● About this exercise
Search the records for lines with the word "Cotton" and copy each match.

(Working data)

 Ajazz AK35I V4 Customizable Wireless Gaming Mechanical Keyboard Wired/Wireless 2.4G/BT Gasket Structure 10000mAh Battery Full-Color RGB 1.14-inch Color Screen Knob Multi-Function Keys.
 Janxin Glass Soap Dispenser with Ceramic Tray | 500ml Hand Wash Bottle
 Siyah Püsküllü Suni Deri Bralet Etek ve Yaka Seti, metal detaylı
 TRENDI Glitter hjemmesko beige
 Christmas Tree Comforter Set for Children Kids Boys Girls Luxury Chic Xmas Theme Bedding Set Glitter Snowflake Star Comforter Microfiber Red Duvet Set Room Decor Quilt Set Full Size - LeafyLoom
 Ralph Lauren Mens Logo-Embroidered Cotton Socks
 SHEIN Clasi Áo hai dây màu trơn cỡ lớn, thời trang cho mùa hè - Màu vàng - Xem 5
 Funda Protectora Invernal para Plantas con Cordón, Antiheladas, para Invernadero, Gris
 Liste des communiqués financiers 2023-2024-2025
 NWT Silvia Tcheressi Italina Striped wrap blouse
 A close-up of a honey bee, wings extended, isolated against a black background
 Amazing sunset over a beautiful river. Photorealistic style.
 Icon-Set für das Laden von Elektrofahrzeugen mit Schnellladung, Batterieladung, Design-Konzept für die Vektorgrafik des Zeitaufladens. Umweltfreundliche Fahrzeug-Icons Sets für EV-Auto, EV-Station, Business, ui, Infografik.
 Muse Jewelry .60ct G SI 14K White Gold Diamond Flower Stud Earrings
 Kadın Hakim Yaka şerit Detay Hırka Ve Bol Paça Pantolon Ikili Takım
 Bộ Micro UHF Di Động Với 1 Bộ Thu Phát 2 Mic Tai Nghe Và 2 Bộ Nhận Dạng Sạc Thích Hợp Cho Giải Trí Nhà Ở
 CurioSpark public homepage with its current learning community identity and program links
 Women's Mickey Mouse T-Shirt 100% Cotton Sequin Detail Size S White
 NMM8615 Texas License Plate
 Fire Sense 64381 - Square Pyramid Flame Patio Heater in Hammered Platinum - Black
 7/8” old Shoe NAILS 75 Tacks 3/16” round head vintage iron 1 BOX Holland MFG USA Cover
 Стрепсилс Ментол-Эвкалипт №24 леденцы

(End Working data)

● Solution below
 Ralph Lauren Mens Logo-Embroidered Cotton Socks
 Women's Mickey Mouse T-Shirt 100% Cotton Sequin Detail Size S White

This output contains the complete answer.